Глаза Владимира внезапно полыхнули гневом.
– А дозволь спросить тебя, боярин! – выкрикнул он, вскочив со стольца. – Почто люд бунтует?! Молчишь?! Не вы ли с покойным князем Святополком довели его, когда резы брали неслыханные?! Теперь, ишь, испужались: спасите, помогите! Ранее думать надобно было!
Растерянные бояре в молчании опустили головы.
Немного уняв гнев, Владимир продолжал:
– Ладно. Коли уж так вышло, сяду я князем в Киеве. Но то после. Сперва же… Ратибор! – окликнул он старого своего боярина. – Бери сколь хощешь дружины, ступай в стольный. Установи тамо тишину. Пущай поутихнет малость народ. Береги митрополита, княгиню Святополкову, купцов иноземных. Нынче в Киеве много гостей торговых – и угры, и ромеи, и венецейцы, и сарацины. Аще узрят, что порядку никоего в городе нету, уедут с товарами в иные земли. Нам се в убыток. Я же в Берестове покуда буду.

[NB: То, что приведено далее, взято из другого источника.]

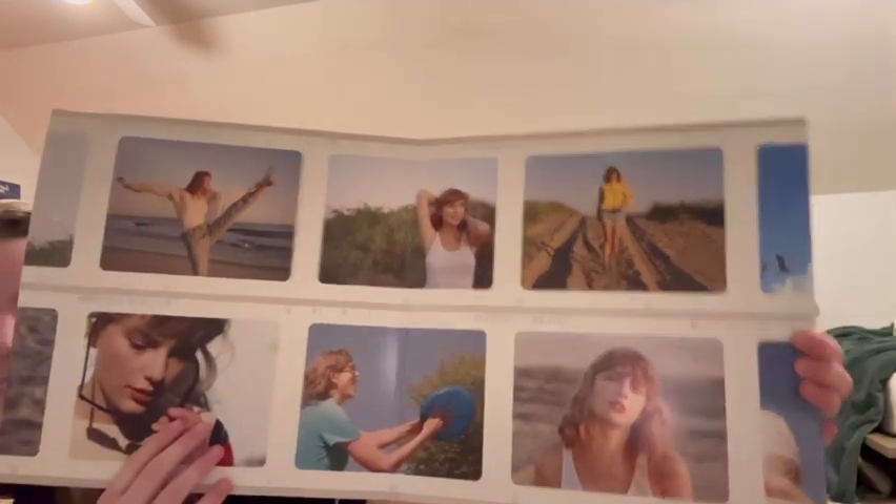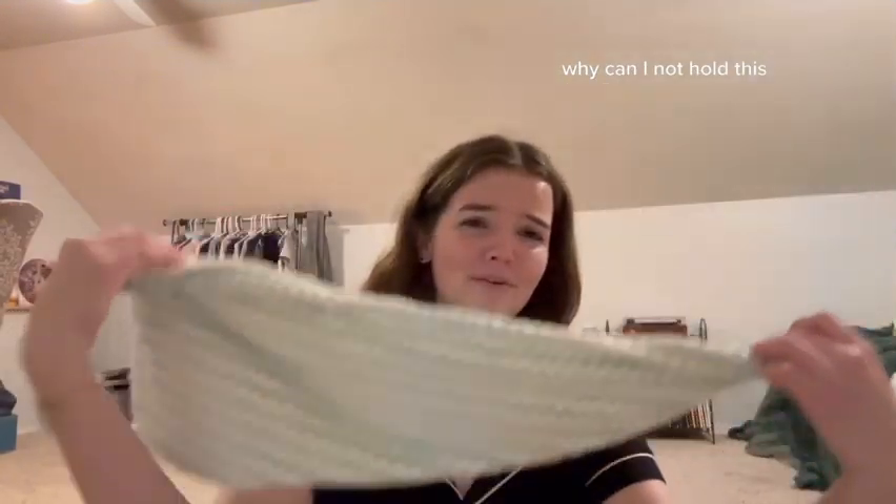My younger sister got me the 1989 Taylor's Version vinyl — I'm so excited to listen to this. Look at the middle of it — oh my gosh, I'm literally going crazy.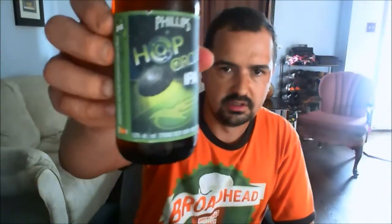Let me just double check here. No — Victoria, BC. So this is coming from Victoria, BC. I'm gonna be using my IPA glass because it is an IPA.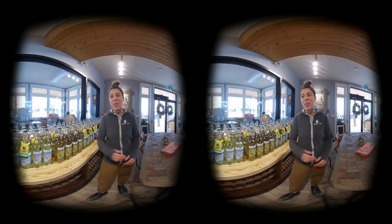Right now it's wintertime, so we have our ginger apple cider as well as our winter spice. And that's an overview of all of the ciders we have right now.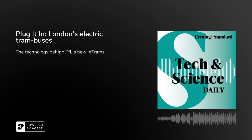Hi, I'm Rachelle Travers and this is Tech and Science Daily. This week we're looking at the future of electric vehicles, as the Evening Standard prepares for its Plug It In Summit in London, where global leaders will be meeting to talk about how EVs can be part of ambitions to bring down carbon emissions to net zero by 2030.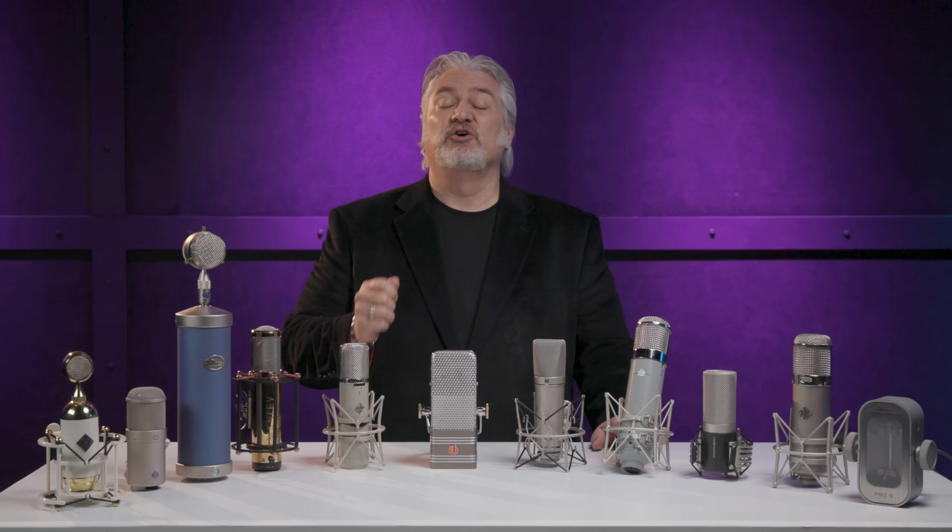Hi, I'm Mitch Gallagher from Sweetwater. Today we're checking out 11 top-of-the-line microphones that are ideal for recording vocals. Let's get started.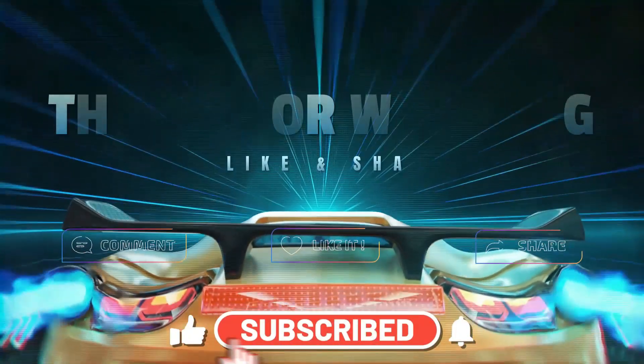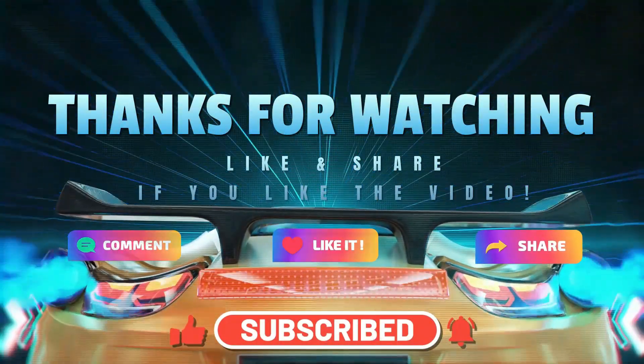Don't forget to like and share with your friends. See you in the next video.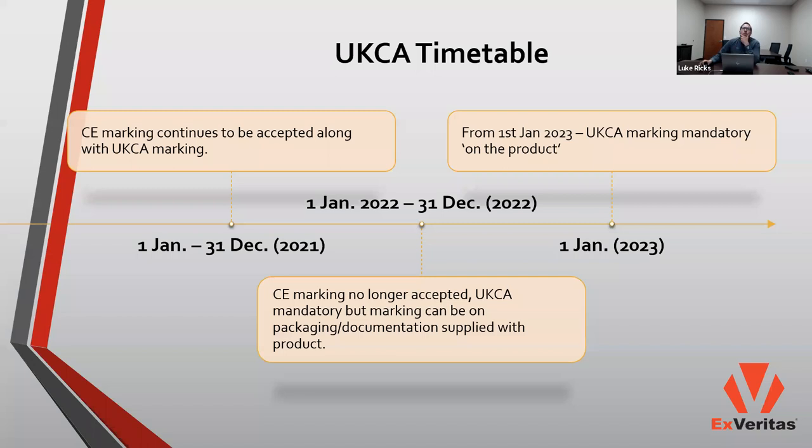As many of you are likely aware, the CE mark has been the legislative framework for governing EU product compliance for decades, facilitating trade within the EU for a variety of products. As a result of Great Britain's departure from the EU, they've had to generate standalone legislation, resulting in the development of the UKCA certification mark and scheme. The timetable shown here illustrates the transitional period from CE to UKCA marking for products being offered onto the Great Britain market.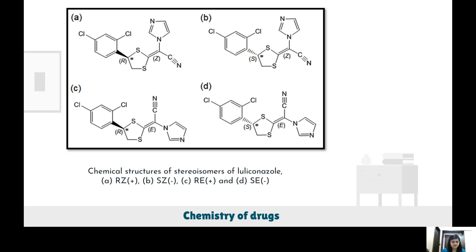In the present work, luliconazole — an antifungal agent used for the treatment of dermatophyte infections — was selected as the drug candidate. It has a chiral center and a double bond, which gives rise to four stereoisomers, as shown in this figure.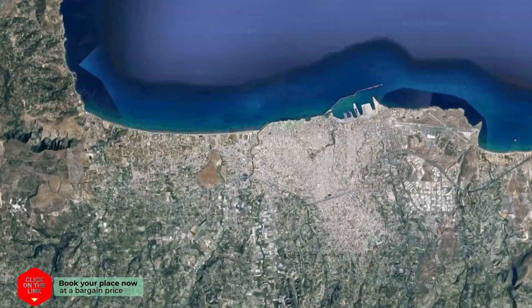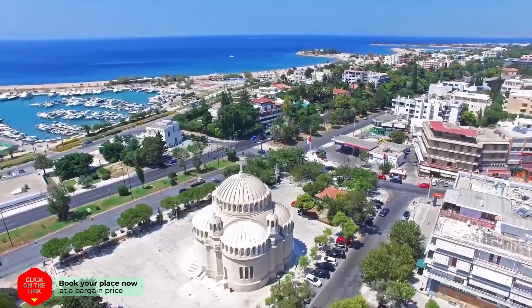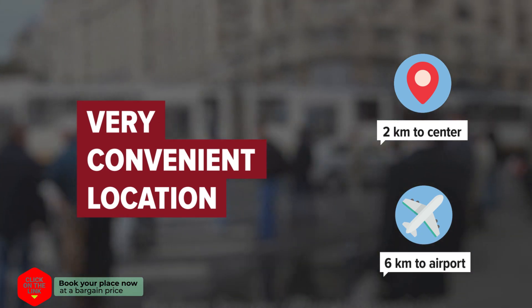Fully furnished relaxing apartment with garden in Heraklion town, Greece. Distance to city center is 2 kilometers, and distance to the airport is 6 kilometers.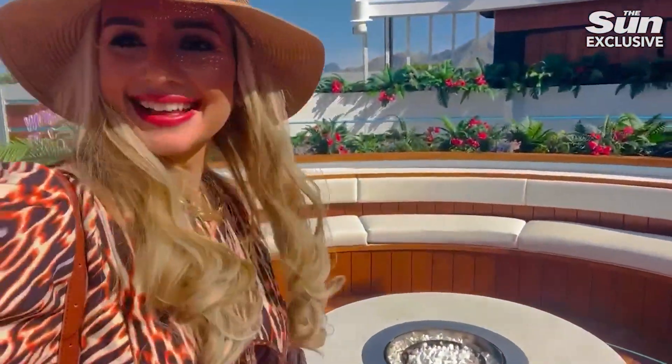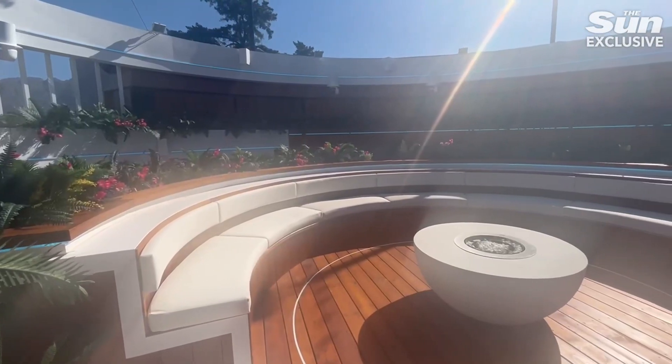This is the part that everybody wants to see — the iconic fire pit. Here it is. This is where people will be pulled for chats, where eliminations are obviously going to take place. Incredible.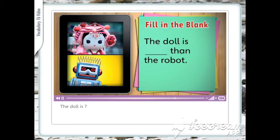The doll is uglier than the robot. The doll is cuter than the robot. That's also an opinion. Do you think the doll is cuter than the robot?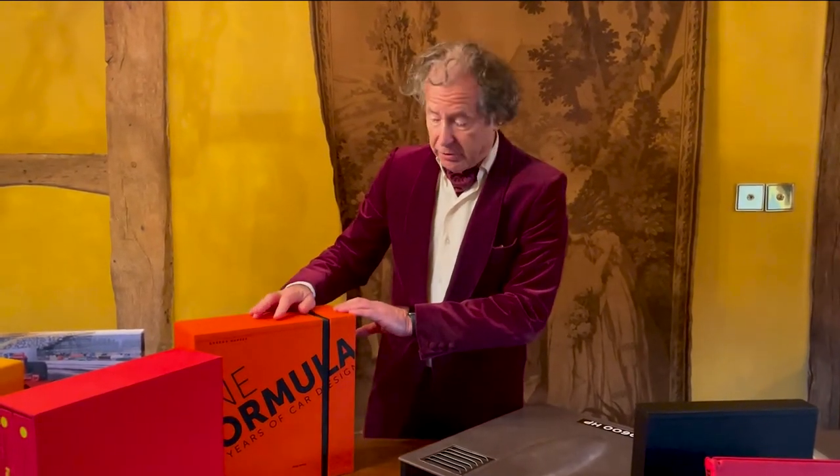The amazing One Formula books we did with Gordon Murray. This is the collector's edition — now sold out, and in fact selling for twice the published price.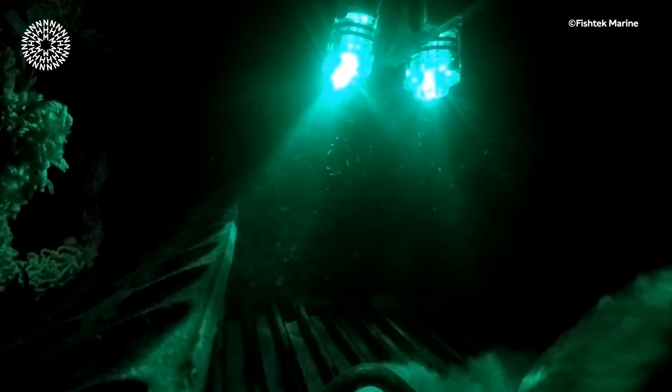Recent studies have shown that some species of scallop are drawn to light, and this has resulted in an innovative new method of fishing that is more sustainable. Instead of using a net to drag along the sea floor, fishermen can now use lobster pots equipped with little LED lights — a bit like an underwater disco.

На этом князь закончил совет и велел боярам разойтись. Ему надо было побыть одному, чтобы ещё раз всё тщательно взвесить и обдумать.
Глава 77
Статный мышастый конь под украшенным золотом седлом шёл спокойно и важно, словно понимая всю торжественность дня. Князь Владимир Мономах, в отороченном мехом красном корзне и зелёных тимовых сапогах с боднями, стараясь не смотреть по сторонам, высоко поднял голову и с едва заметным усилием сжимал тонкие уста. Он совсем не волновался – казалось, наоборот, он уже давно знал, что так будет, сердце билось ровно, а ощущение было такое, будто едет он в Киев не садиться на стол, а просто в очередной раз погостить у Святополка или повидаться с сестрой Янкой. Но увы – ни Янки, ни Святополка уже не было в живых.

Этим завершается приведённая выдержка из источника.